* **SUPPLIED MATERIAL**

════

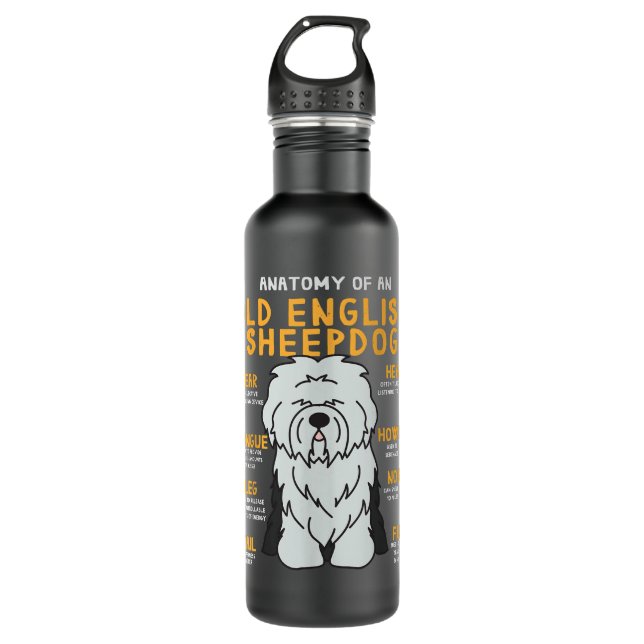 Old English Sheepdog Anatomy Funny Dog Mom Dad  710 Ml Water Bottle (Front)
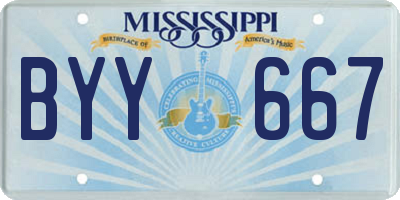 MS license plate BYY667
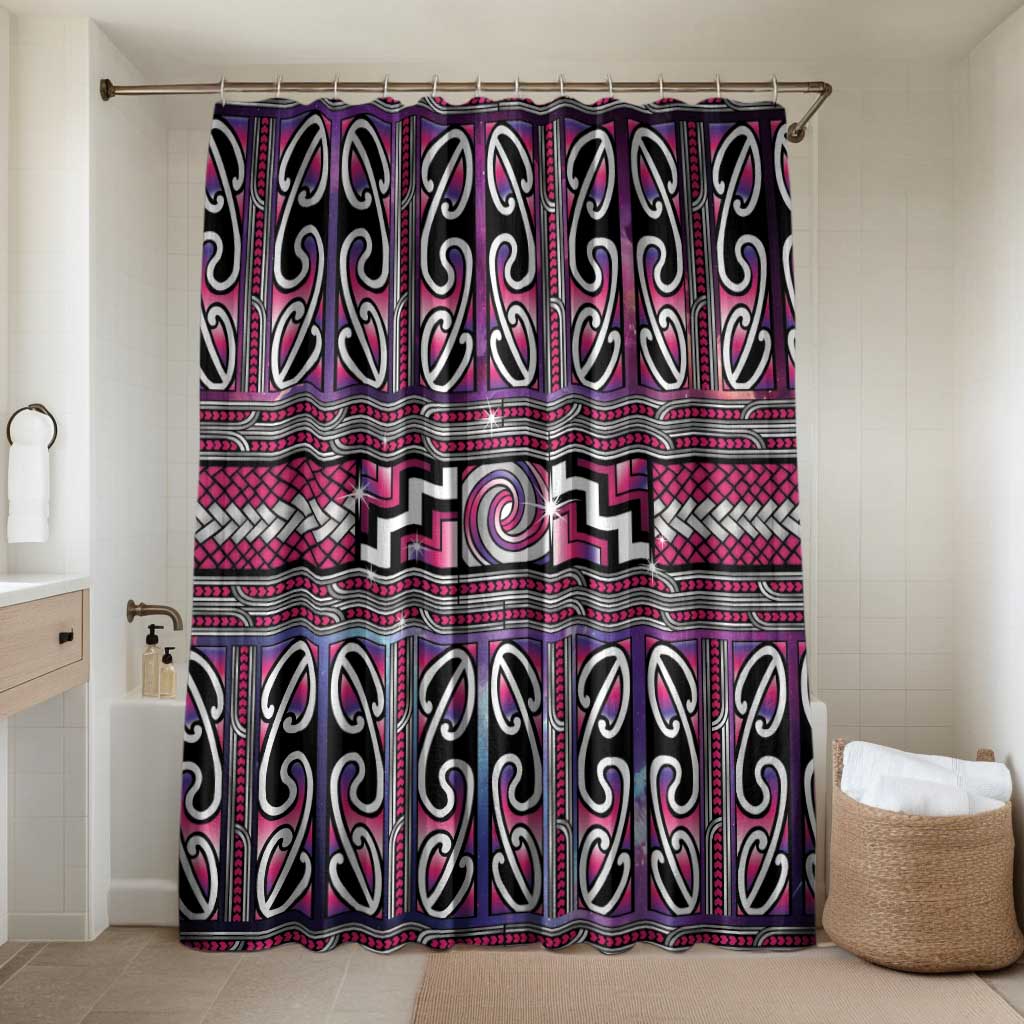 Maori Matariki Bathroom Set Pink Galaxy Aesthetic Koru Art LT01 Shower Curtain Only Pink - Polynesian Pride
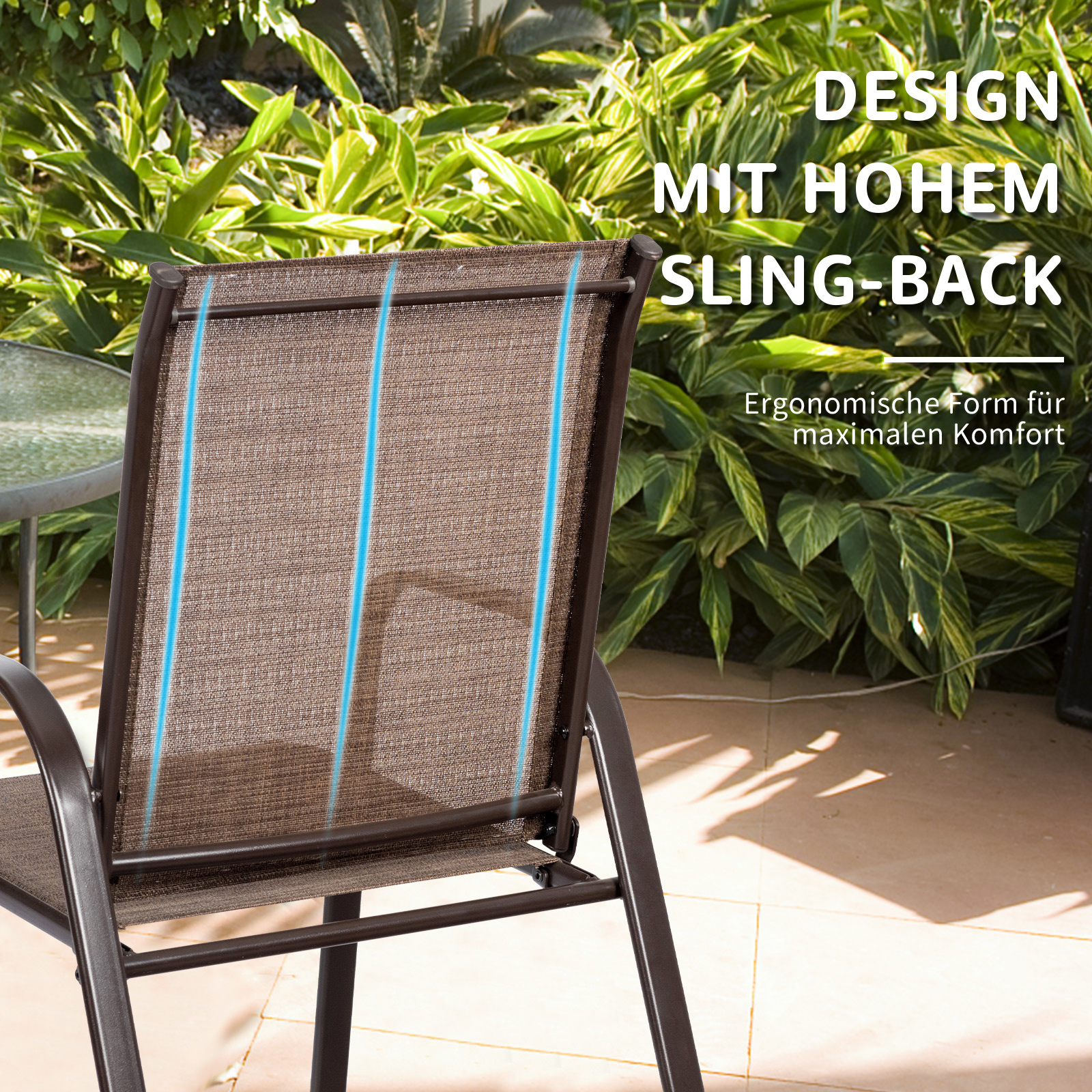 Brauner Outdoor-Stuhl mit Netzrücken und Text-Overlay.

════

* **WHAT TO PRODUCE**
Your copy must begin at the line containing "MS license plate BYY667" and end at the last line of the material above. Reproduce each line exactly, but not the pictures.

* **ANSWER TO THE EXERCISE**
 MS license plate BYY667
 Maori Matariki Bathroom Set Pink Galaxy Aesthetic Koru Art LT01 Shower Curtain Only Pink - Polynesian Pride
 Brauner Outdoor-Stuhl mit Netzrücken und Text-Overlay.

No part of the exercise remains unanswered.